[Problem to work on]
The material below has pictures in it. Set down only the lines from the line containing "211 Melbourne Road, Williamstown" through the line containing "Vstřikovač 52000AFF Toyota Avensis T270", word for word, and leave the pictures behind.

[Given data]

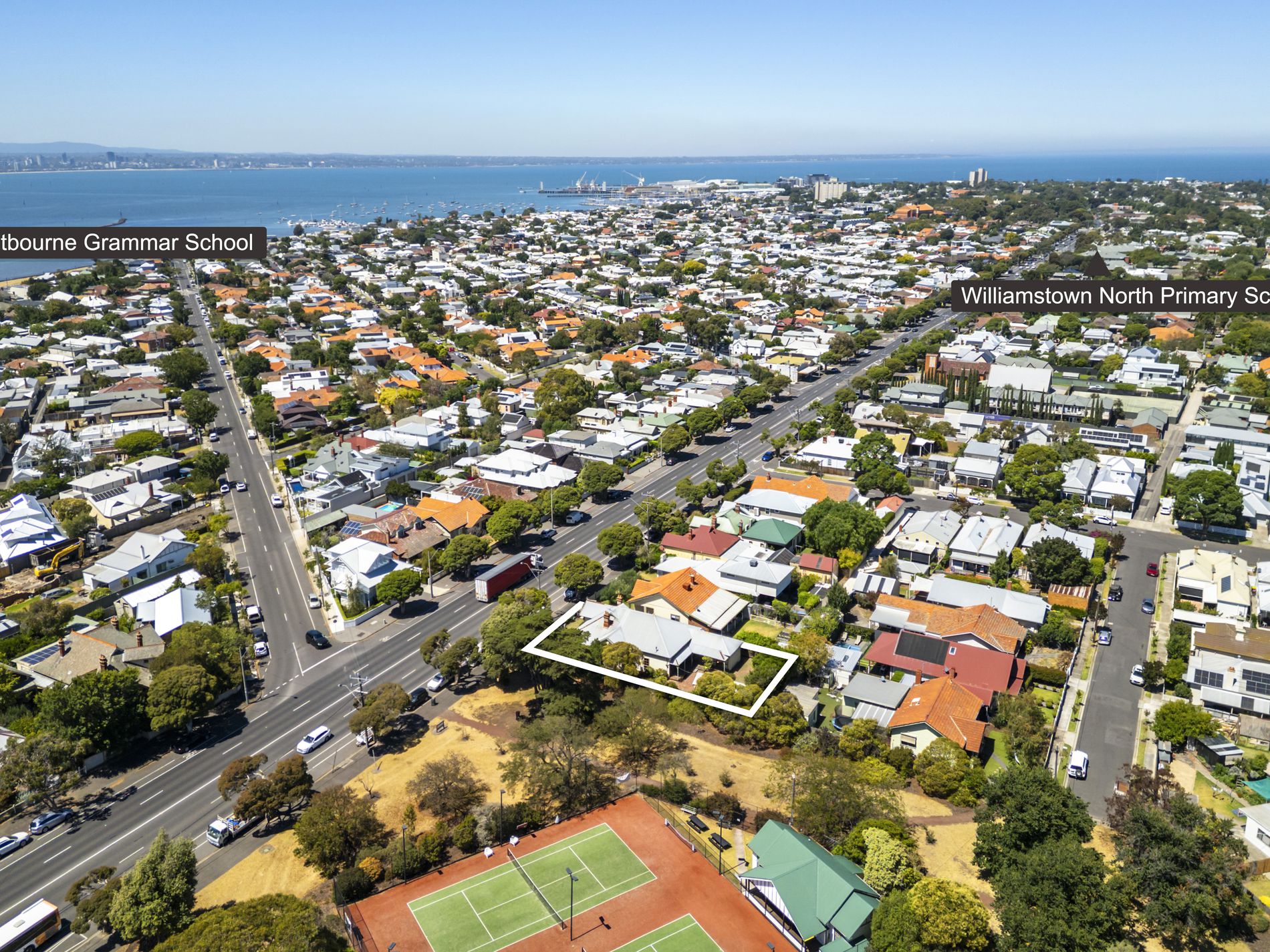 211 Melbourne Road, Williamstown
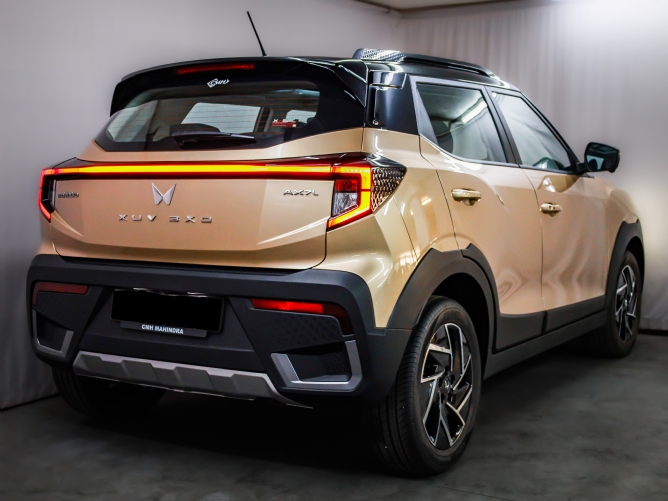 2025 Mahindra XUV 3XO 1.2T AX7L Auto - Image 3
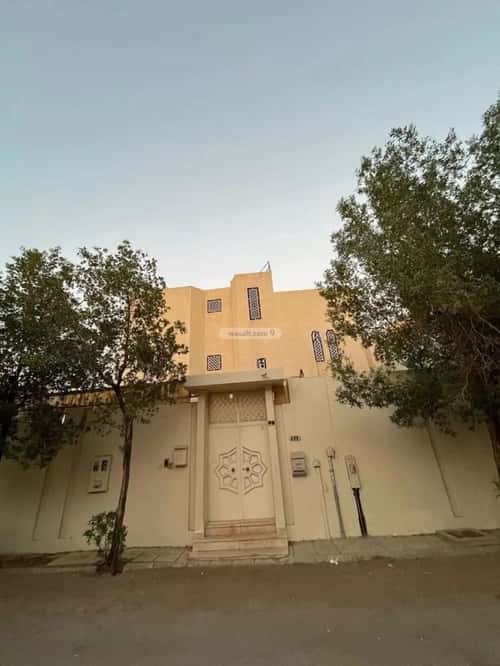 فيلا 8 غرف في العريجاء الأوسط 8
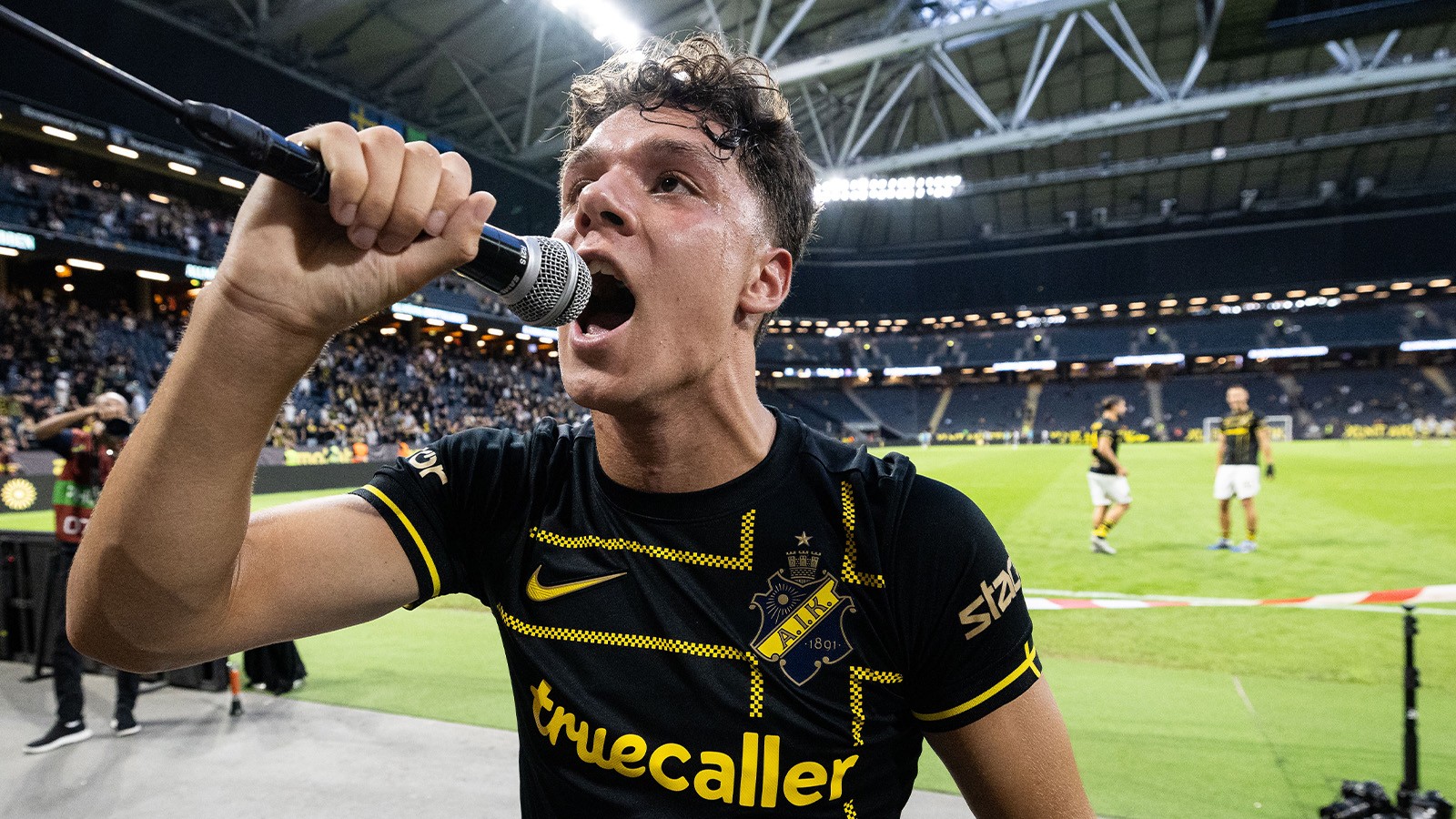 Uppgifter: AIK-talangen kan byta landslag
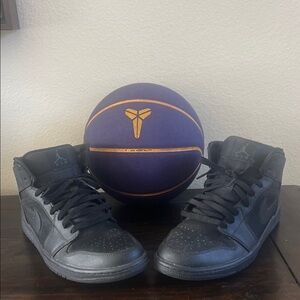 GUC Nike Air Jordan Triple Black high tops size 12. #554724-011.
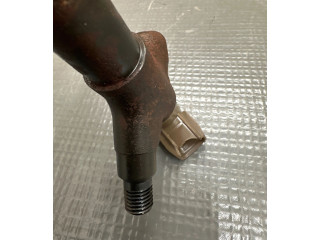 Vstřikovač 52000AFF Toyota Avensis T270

...

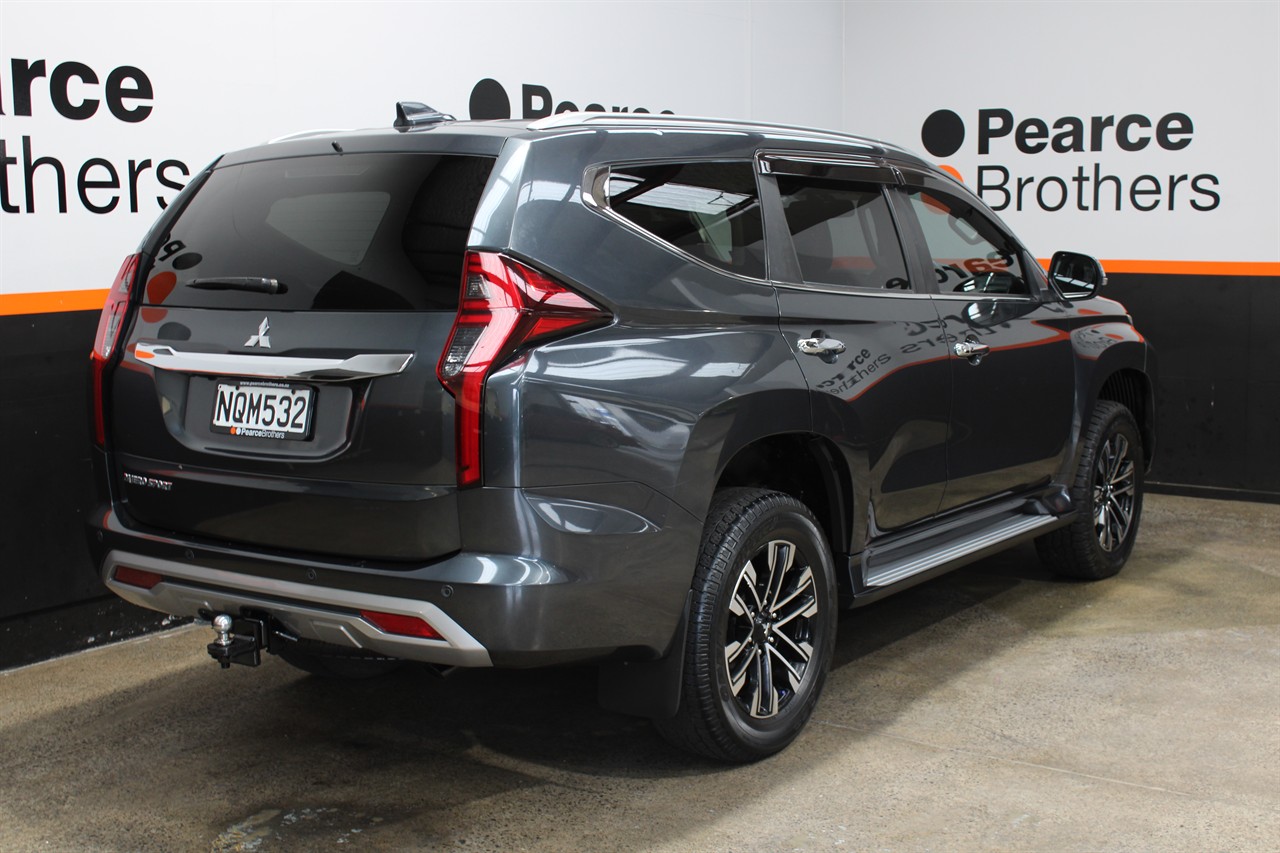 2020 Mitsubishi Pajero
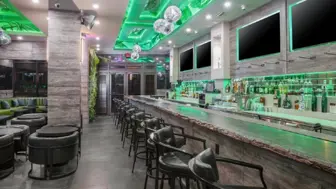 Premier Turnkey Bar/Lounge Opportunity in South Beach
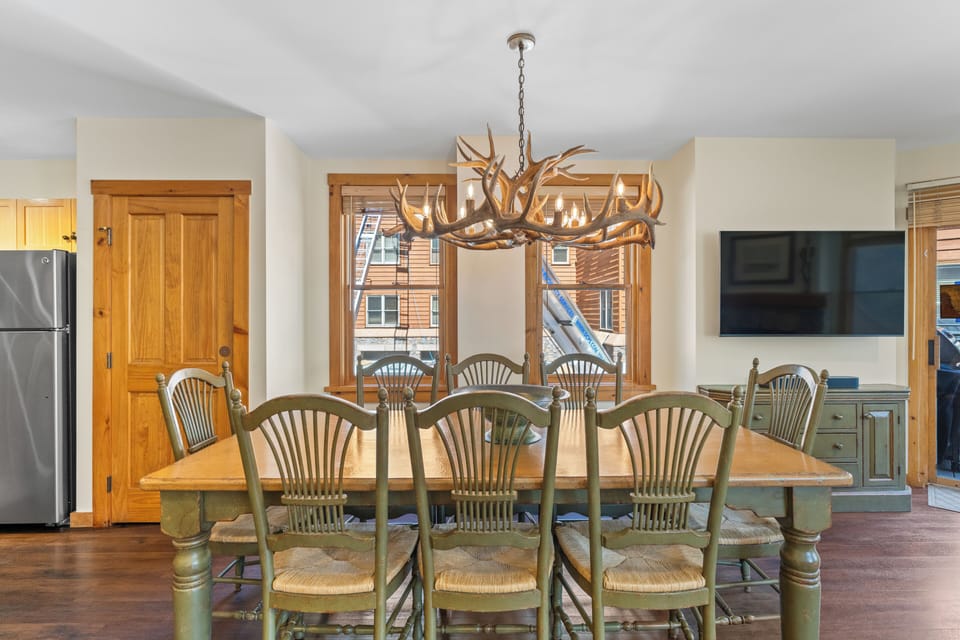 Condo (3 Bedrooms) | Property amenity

[Your solution]
 211 Melbourne Road, Williamstown
 2025 Mahindra XUV 3XO 1.2T AX7L Auto - Image 3
 فيلا 8 غرف في العريجاء الأوسط 8
 Uppgifter: AIK-talangen kan byta landslag
 GUC Nike Air Jordan Triple Black high tops size 12. #554724-011.
 Vstřikovač 52000AFF Toyota Avensis T270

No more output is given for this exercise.